J’ai juré. Il m’a montré une lettre plus importante encore que celles du dossier. Il m’a dit : « J’ai avec cela quelques documents, mais je les garde par devers moi et je m’en servirai si besoin est. »

Je n’ai plus jamais entendu parler de ce second dossier ; jamais le colonel ne me l’a remis.

Qu’on me pardonne d’avoir cité en entier cette partie de la déposition d’Henry. Il faudrait en méditer chaque parole.

Quel malheur vraiment que Cavaignac lui ait laissé en main le rasoir qui a coupé net tant d’explications.

À coup sûr, nous ne pouvons prendre à la lettre les affirmations du faussaire Henry.
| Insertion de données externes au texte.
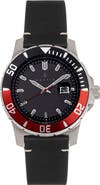 Nautis Dive Pro 200 Leather-Band Watch w/Date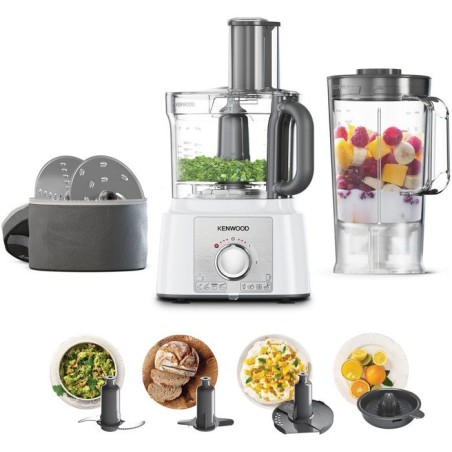 Robot multifonction - KENWOOD - MultiPro Express FDP65.450WH - 1000 W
Nous pouvons pourtant relever les aveux qui y sont contenus.

C’est au moment du procès Dreyfus que se passent les faits racontés par Henry. En novembre et décembre 1894, Dreyfus est sous les verrous, et c’est le 22 décembre qu’il est condamné.

Or, des paroles d’Henry, il ressort deux faits essentiels. Le premier c’est que, au moment du procès, le dossier de toutes les affaires d’espionnage, j’entends le dossier régulier connu des bureaux, ne comprenait que huit ou neuf pièces. Que devient dès lors le chiffre fantastique de pièces dont a parlé M. Cavaignac ? Évidemment si elles existent, elles ont été fabriquées depuis.